In [1]:
%load_ext autoreload
%autoreload 2

In [2]:
!pip install retry joblib



In [3]:
import sys

# parse_s4ext
extensions_index_script_dir = '/home/jcfr/Projects/ExtensionsIndex/scripts/'
if extensions_index_script_dir not in sys.path:
    sys.path.insert(0, extensions_index_script_dir)

from check_description_files import parse_s4ext

# ExtensionProject
slicer_scripts_dir = "/tmp/SlicerWizard/Utilities/Scripts/"
if slicer_scripts_dir not in sys.path:
    sys.path.insert(0, slicer_scripts_dir)

from SlicerWizard.ExtensionProject import ExtensionProject

In [4]:
import errno
import os
    
# Copied from https://github.com/scikit-build/scikit-build/blob/master/skbuild/utils/__init__.py
def mkdir_p(path):
    """Ensure directory ``path`` exists.
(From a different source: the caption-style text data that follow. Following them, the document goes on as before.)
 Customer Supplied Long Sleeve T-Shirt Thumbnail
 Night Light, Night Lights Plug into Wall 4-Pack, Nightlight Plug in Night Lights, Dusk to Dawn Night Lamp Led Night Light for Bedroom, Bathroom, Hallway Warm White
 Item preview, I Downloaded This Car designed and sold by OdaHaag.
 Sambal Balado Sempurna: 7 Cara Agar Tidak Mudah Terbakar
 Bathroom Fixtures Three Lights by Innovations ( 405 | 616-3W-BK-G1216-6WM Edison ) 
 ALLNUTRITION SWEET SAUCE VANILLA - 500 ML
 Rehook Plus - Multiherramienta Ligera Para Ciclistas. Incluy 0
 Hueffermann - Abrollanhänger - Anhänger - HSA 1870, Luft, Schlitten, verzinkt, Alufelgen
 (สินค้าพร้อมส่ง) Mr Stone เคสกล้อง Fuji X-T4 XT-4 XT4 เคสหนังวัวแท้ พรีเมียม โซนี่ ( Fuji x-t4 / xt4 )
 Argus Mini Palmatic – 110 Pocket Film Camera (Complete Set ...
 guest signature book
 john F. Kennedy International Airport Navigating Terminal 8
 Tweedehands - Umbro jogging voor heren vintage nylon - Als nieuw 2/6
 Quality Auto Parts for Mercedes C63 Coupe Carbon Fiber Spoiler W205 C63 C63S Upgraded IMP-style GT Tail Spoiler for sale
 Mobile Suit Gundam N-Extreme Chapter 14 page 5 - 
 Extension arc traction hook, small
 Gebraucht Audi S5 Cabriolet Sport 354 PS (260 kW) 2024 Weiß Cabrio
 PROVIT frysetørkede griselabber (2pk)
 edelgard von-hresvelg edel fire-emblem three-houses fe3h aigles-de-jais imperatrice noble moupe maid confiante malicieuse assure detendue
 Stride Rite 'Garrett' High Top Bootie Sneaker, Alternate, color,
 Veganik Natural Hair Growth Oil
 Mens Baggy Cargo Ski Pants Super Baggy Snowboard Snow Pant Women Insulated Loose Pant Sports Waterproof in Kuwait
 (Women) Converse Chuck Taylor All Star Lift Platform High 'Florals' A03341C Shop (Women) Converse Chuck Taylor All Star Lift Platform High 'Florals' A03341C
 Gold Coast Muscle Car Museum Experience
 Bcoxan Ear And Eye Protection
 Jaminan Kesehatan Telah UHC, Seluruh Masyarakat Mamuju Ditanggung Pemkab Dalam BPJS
If needed, parent directories
    are created.
    Adapted from http://stackoverflow.com/a/600612/1539918
    """
    try:
        os.makedirs(path)
    except OSError as exc:  # Python >2.5
        if exc.errno == errno.EEXIST and os.path.isdir(path):
            pass
        else:  # pragma: no cover
            raise

In [5]:
import urllib.request

from socket import timeout as SocketTimeout
from http.client import HTTPException

from retry import retry

def check_url(url, timeout=1):

    @retry(TimeoutError, tries=3, delay=1, jitter=1, max_delay=3)
    def _check_url():
        return urllib.request.urlopen(url, timeout=timeout).getcode(), None
    try:
        return _check_url()
    except urllib.request.HTTPError as exc:
        return exc.code, str(exc)
    except (TimeoutError, urllib.request.URLError, SocketTimeout) as exc:
        return -1, str(exc)
    except HTTPException as exc:
        return -2, str(exc)


In [6]:
import shutil


def download_cmakelists(scmurl, dest_filepath, revision):
    scmurl = scmurl.replace("https://github.com/", "").replace("git://github.com/", "").replace(".git", "")
    user, repo = scmurl.split("/")
    cmakelists_url = "https://raw.githubusercontent.com/{user}/{repo}/{revision}/CMakeLists.txt".format(
        user=user,
        repo=repo,
        revision=revision
    )
    if not os.path.exists(dest_filepath):
        try:
            with urllib.request.urlopen(cmakelists_url) as response, open(dest_filepath, 'wb') as out_file:
                shutil.copyfileobj(response, out_file)
        except urllib.request.HTTPError as exc:
            return [(None, "%d, %s" % (exc.code, cmakelists_url),)]
    
    return []

In [7]:
import urllib.parse


def check_cmakelists(filepath):
    cmakelists_dir = os.path.dirname(filepath)
    cmakelists_filename = os.path.basename(filepath)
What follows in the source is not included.